O todo era sempre seu alvo. Ou tudo que representasse alguma forma de todo. Alguma forma de mais de um. Defendia um individualismo que era absolutamente incompatível com qualquer ideia coletiva. Sociedade, Estado, Governo, sindicatos, partidos, não importava, estavam errados, eram ruins, criminosos, perversos, maus.

O bem, para ele, era sempre coisa do indivíduo, do sujeito de atitude, do empreendedor, do cara que faz, do homem de bem. Na prática, defendia como sendo o bem o que era apenas bom para ele. Não havia em sua mente nenhuma ideia de bem comum porque não havia espaço nela para nada comum, só para o que era privado, só para o que era ou poderia ser dele.

Ela tentou retomar a discussão quando sentiu que a raiva, apesar de ainda presente, já não ameaçava assumir o comando de suas ações. Logo deu-se conta da tolice de seu ato. Não havia como retomar o diálogo porque também não havia diálogo. Não havia sequer a possibilidade disso. Faltava vontade de se chegar a algum entendimento. Ele não queria entendimento, nem convencimento, nem diálogo, nem debate. Queria monólogo, performance. Ela, a esta altura, só queria tacar-lhe a mão na cara.

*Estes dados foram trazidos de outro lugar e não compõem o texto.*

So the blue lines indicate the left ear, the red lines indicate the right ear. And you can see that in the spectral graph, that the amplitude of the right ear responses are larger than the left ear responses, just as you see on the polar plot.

Preferiu calar-se de vez. Para, contendo as palavras, conter também a raiva. Ele ainda disse uma ou outra coisa sem muita relevância. Em parte, ainda ecoando em palavras os ruídos que ecoavam no vazio de suas ideias. Em parte, para ter a última palavra. Como se o último a falar fosse o vencedor.

Mesmo calados continuaram ali, frente a frente. Arrefecendo os ânimos com as delícias do jantar. Até se entreolhavam vez ou outra, fazendo se lembrarem dos porquês de um dia terem se casado. Até mesmo um ou outro sorriso escapou-lhes entre uma gentileza ou outra à mesa.

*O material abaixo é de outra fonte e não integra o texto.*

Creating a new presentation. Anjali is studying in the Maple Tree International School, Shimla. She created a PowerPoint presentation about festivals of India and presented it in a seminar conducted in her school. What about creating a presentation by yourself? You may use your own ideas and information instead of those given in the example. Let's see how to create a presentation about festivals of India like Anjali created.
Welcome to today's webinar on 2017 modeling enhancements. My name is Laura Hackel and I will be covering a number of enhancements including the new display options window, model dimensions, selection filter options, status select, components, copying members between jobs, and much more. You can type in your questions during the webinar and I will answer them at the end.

À sobremesa, tudo indicava que o clima ruim da conversa havia, definitivamente, mudado. No silêncio, parecia possível até se amarem.

Mal ela cortou com a colher o primeiro naco de pudim, curtindo com o doce a doçura da paz. Ele, extemporâneo e ainda mais cortante, disparou: “mas entre Lula e Bolsonaro…”
Estranho amor.

(*) Escritor e palestrante, professor de Ética do Departamento de Direito da UFES, ex-secretário de Direitos Humanos no ES.